Information supplied Block Start
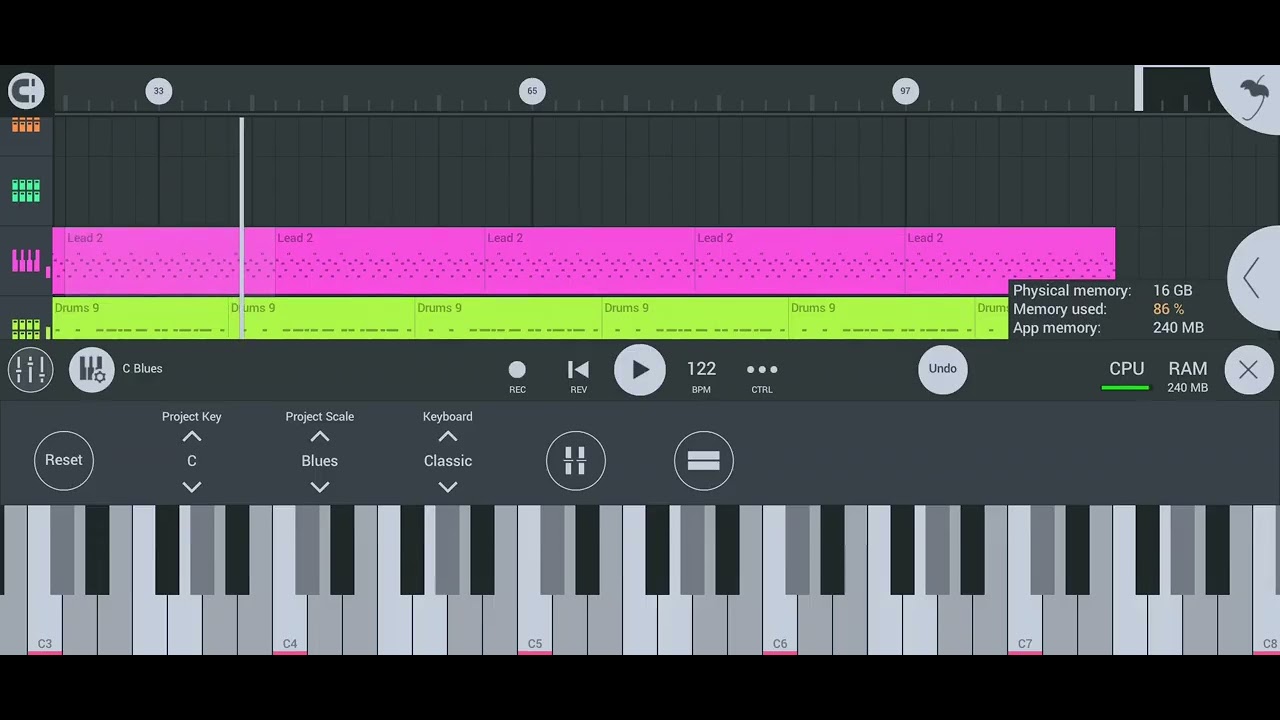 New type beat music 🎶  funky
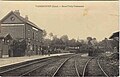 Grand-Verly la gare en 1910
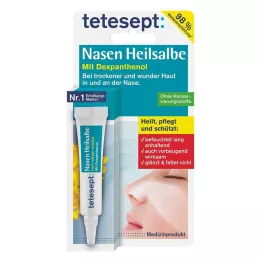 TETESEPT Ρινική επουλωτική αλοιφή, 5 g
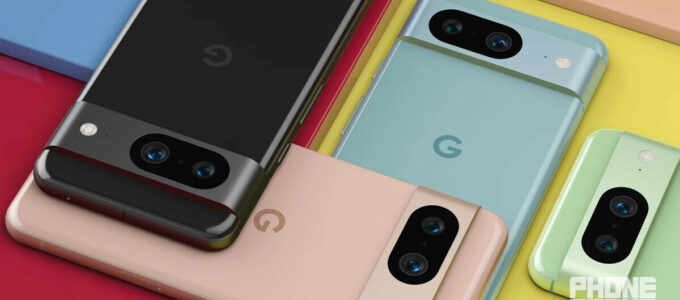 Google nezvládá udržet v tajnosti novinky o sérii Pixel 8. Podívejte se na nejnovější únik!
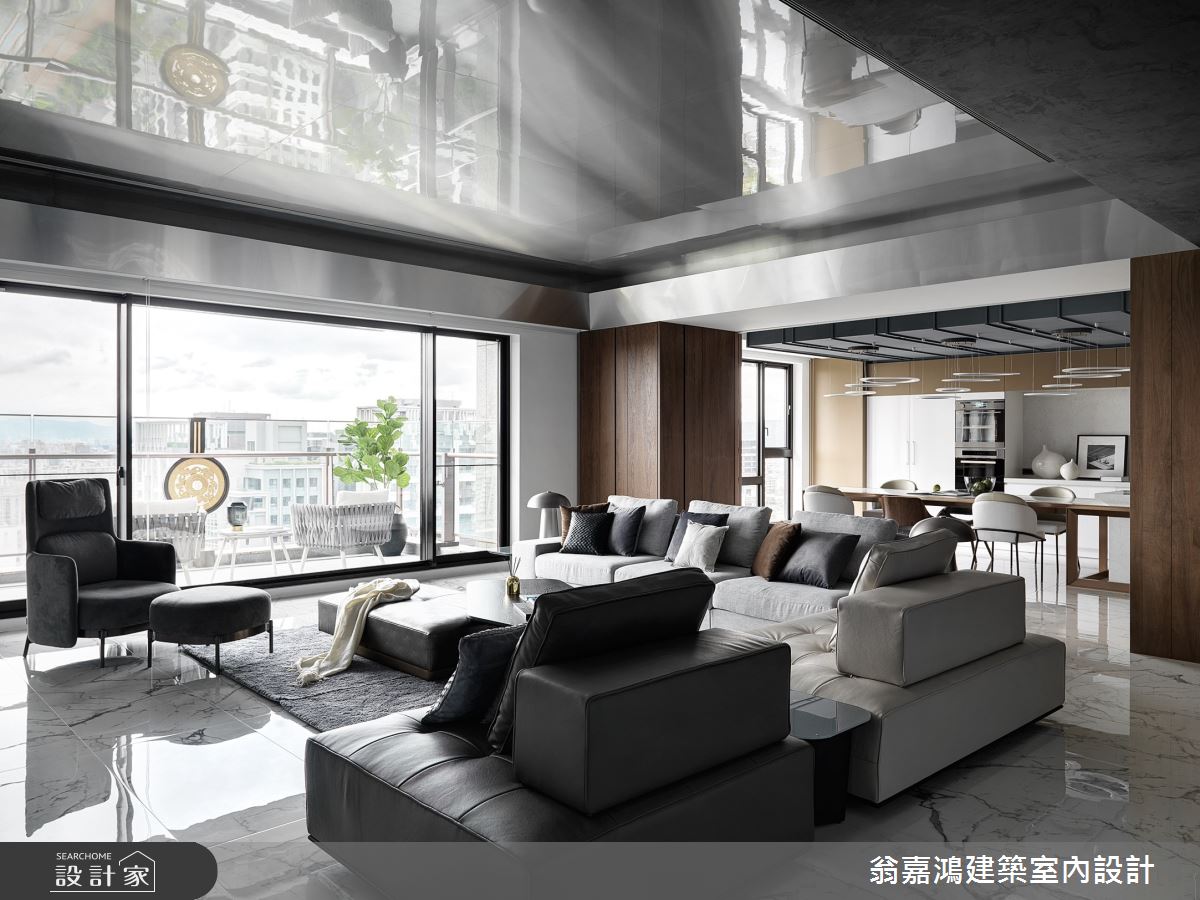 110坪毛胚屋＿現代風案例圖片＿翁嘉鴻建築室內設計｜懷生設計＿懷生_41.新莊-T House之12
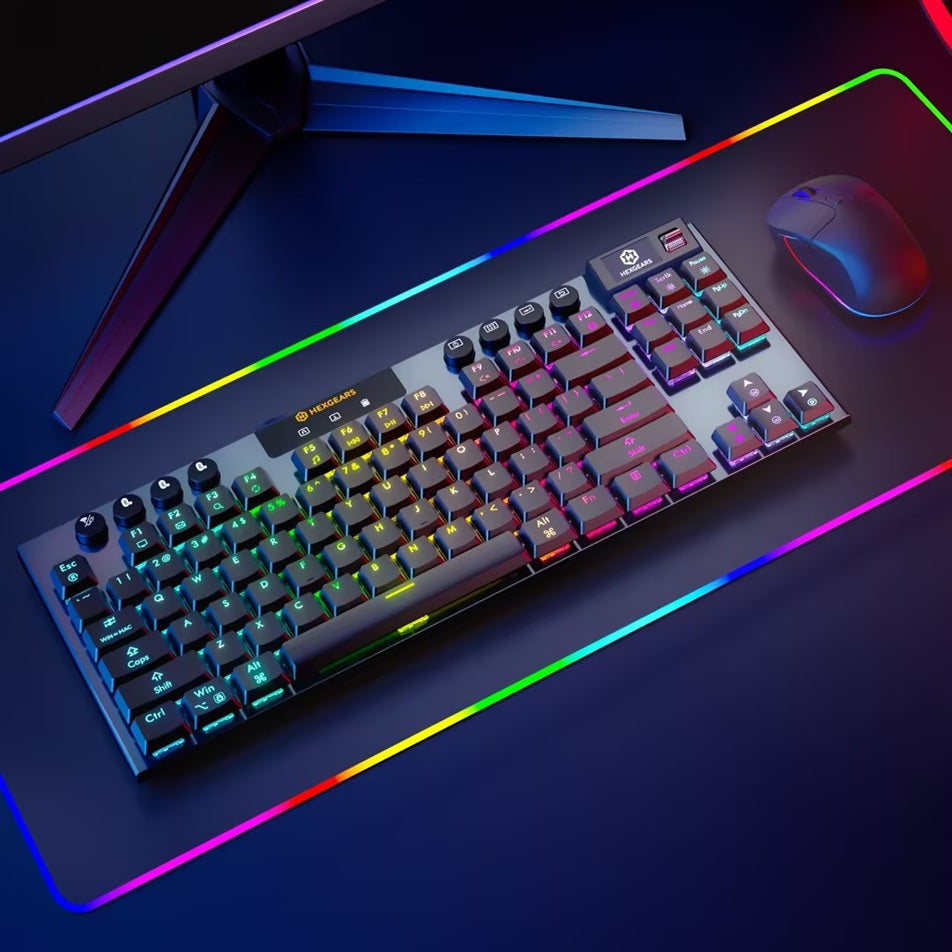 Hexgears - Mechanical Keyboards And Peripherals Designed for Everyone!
Information supplied Block End
◆ How to complete this task ◆
All that should be returned is the run of lines from the start of the entries above to the line bearing "110坪毛胚屋＿現代風案例圖", each exact, with pictures omitted.

◆ Expected output ◆
 New type beat music 🎶  funky
 Grand-Verly la gare en 1910
 TETESEPT Ρινική επουλωτική αλοιφή, 5 g
 Google nezvládá udržet v tajnosti novinky o sérii Pixel 8. Podívejte se na nejnovější únik!
 110坪毛胚屋＿現代風案例圖片＿翁嘉鴻建築室內設計｜懷生設計＿懷生_41.新莊-T House之12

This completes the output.